Your objective
Below this line is the material. Write out only its lines from the one containing "Modern Geometric Metal" through the one containing "Blusa de algodón", both kept, exactly.

Source material
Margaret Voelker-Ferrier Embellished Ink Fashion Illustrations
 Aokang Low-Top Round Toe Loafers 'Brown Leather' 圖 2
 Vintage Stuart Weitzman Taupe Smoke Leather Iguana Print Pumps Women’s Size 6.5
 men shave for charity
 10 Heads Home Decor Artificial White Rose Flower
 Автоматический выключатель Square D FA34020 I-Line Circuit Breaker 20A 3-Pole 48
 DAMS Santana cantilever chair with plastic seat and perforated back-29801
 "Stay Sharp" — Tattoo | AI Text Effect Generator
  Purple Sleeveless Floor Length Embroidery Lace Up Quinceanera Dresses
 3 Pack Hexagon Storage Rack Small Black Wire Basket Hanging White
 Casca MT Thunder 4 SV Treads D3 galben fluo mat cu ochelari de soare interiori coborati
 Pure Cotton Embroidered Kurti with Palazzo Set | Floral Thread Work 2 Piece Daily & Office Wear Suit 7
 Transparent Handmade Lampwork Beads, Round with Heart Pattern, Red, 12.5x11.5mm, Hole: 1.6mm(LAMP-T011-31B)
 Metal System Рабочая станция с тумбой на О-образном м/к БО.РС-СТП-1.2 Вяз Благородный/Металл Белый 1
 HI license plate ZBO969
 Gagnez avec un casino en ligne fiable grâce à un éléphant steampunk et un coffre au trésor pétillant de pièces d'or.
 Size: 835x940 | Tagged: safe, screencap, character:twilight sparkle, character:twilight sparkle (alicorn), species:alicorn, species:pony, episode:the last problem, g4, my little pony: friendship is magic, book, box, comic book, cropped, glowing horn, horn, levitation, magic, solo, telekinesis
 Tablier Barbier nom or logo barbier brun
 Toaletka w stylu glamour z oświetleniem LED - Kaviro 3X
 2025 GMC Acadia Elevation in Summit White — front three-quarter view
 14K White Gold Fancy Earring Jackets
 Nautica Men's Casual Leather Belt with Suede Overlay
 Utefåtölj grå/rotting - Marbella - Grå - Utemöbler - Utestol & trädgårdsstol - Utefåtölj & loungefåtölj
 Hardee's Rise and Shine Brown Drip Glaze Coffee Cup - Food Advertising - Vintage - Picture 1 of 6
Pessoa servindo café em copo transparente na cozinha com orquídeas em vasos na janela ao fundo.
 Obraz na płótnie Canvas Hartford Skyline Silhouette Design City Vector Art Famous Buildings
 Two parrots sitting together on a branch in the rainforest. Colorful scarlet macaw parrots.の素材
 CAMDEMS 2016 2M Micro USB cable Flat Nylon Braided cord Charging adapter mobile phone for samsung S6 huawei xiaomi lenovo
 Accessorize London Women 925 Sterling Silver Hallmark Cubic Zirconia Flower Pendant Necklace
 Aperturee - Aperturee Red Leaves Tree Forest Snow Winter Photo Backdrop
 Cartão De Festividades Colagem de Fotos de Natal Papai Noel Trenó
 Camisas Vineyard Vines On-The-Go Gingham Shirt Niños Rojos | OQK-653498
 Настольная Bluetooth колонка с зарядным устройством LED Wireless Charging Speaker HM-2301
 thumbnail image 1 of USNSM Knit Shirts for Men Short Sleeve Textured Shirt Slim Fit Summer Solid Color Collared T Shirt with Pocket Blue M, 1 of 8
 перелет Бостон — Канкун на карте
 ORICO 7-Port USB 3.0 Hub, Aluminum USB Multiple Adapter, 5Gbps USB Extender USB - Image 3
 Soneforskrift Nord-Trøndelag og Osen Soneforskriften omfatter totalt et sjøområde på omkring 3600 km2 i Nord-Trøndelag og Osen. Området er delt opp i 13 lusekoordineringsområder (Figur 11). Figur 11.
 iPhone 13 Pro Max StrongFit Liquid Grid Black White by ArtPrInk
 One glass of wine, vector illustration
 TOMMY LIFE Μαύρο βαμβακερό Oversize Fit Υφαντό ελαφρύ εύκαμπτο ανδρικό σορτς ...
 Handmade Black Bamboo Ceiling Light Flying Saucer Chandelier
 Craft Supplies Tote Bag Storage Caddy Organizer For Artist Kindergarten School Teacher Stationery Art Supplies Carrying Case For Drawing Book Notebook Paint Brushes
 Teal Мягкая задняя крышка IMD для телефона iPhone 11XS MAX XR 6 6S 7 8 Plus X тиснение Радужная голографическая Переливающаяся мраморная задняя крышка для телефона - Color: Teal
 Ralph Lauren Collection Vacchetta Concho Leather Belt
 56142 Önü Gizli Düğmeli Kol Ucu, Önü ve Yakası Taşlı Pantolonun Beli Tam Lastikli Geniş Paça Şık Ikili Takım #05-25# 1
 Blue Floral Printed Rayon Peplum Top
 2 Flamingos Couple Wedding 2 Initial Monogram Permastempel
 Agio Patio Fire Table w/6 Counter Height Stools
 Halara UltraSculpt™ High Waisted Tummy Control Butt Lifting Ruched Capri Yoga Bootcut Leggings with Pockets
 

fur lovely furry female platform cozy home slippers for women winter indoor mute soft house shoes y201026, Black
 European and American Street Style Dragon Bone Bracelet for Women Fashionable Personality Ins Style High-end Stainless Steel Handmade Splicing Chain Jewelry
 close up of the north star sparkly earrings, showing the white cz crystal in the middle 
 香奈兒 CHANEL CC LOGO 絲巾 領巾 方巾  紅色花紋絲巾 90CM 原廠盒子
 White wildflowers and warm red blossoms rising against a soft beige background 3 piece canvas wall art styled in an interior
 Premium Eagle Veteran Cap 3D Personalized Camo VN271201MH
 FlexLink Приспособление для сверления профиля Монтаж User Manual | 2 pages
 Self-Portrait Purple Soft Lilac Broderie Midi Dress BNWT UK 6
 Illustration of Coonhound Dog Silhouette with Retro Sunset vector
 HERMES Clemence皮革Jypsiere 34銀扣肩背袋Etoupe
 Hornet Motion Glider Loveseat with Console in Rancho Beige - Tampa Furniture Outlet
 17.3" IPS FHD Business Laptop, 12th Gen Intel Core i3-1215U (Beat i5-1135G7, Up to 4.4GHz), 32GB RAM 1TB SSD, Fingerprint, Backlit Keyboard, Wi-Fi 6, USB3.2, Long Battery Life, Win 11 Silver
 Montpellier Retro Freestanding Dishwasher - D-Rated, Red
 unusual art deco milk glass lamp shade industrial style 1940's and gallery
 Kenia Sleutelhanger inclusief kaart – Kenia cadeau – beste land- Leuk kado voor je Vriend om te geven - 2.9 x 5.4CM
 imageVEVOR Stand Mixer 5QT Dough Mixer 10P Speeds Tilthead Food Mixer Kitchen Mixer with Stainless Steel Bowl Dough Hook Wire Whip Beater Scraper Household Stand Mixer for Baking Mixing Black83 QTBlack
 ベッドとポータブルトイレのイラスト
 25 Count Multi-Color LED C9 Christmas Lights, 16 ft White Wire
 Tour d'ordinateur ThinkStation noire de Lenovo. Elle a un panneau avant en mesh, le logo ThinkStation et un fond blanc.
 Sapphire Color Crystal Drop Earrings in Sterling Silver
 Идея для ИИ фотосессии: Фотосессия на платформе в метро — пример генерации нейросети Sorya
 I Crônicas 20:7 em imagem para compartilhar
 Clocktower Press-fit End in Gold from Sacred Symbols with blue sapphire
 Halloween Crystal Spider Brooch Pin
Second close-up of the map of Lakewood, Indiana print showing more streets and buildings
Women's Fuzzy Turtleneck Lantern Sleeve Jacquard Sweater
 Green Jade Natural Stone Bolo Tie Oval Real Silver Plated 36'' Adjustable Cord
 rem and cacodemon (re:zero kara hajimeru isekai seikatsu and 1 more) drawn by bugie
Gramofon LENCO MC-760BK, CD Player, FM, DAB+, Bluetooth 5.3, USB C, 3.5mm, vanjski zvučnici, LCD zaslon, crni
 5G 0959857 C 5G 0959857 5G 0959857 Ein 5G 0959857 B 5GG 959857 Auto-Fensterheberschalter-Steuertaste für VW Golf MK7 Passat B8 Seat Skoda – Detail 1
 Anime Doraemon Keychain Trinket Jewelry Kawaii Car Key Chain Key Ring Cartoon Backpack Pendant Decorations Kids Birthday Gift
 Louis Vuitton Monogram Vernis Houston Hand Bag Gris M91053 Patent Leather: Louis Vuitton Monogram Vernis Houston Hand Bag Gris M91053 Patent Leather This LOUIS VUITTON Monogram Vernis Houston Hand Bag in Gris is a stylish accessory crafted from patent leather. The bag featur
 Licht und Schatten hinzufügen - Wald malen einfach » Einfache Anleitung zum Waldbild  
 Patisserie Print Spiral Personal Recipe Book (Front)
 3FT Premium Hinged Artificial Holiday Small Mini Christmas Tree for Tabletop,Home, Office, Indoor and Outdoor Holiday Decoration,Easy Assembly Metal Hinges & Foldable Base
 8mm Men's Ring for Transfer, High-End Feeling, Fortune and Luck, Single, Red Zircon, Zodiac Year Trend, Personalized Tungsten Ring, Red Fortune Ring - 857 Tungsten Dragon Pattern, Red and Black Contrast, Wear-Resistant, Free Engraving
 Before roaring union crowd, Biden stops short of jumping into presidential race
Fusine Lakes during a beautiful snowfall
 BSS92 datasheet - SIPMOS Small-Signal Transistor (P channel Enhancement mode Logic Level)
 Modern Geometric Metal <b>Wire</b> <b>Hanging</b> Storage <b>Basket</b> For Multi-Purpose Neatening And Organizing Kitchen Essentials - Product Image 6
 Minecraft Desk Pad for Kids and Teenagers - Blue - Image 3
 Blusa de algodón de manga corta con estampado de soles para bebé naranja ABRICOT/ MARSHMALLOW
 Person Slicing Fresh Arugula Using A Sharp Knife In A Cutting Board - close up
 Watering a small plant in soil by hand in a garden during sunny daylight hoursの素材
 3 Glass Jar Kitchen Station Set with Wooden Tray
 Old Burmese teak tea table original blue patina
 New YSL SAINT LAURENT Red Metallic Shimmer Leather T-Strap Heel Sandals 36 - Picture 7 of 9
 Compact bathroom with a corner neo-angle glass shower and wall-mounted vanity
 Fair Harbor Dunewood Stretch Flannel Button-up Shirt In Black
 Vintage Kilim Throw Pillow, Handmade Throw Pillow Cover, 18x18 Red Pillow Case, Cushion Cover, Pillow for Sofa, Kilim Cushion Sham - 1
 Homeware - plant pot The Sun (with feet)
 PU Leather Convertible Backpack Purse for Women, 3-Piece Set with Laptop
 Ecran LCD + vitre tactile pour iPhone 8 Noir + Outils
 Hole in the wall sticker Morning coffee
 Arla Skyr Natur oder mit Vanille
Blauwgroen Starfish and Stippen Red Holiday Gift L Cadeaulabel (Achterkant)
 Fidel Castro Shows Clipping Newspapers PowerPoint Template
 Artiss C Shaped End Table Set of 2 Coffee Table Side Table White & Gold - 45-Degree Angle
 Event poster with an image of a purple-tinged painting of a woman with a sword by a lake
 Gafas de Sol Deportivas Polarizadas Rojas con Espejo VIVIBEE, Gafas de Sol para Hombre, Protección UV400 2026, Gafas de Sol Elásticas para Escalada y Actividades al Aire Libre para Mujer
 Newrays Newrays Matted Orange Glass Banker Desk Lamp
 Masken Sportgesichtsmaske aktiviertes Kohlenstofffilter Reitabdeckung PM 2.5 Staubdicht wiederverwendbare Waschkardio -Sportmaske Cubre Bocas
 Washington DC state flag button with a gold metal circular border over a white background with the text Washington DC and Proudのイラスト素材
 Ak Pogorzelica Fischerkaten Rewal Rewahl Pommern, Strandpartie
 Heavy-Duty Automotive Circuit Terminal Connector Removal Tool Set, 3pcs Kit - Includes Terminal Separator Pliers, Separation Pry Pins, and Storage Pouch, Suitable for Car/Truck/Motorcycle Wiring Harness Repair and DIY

Solution to this exercise
 Modern Geometric Metal <b>Wire</b> <b>Hanging</b> Storage <b>Basket</b> For Multi-Purpose Neatening And Organizing Kitchen Essentials - Product Image 6
 Minecraft Desk Pad for Kids and Teenagers - Blue - Image 3
 Blusa de algodón de manga corta con estampado de soles para bebé naranja ABRICOT/ MARSHMALLOW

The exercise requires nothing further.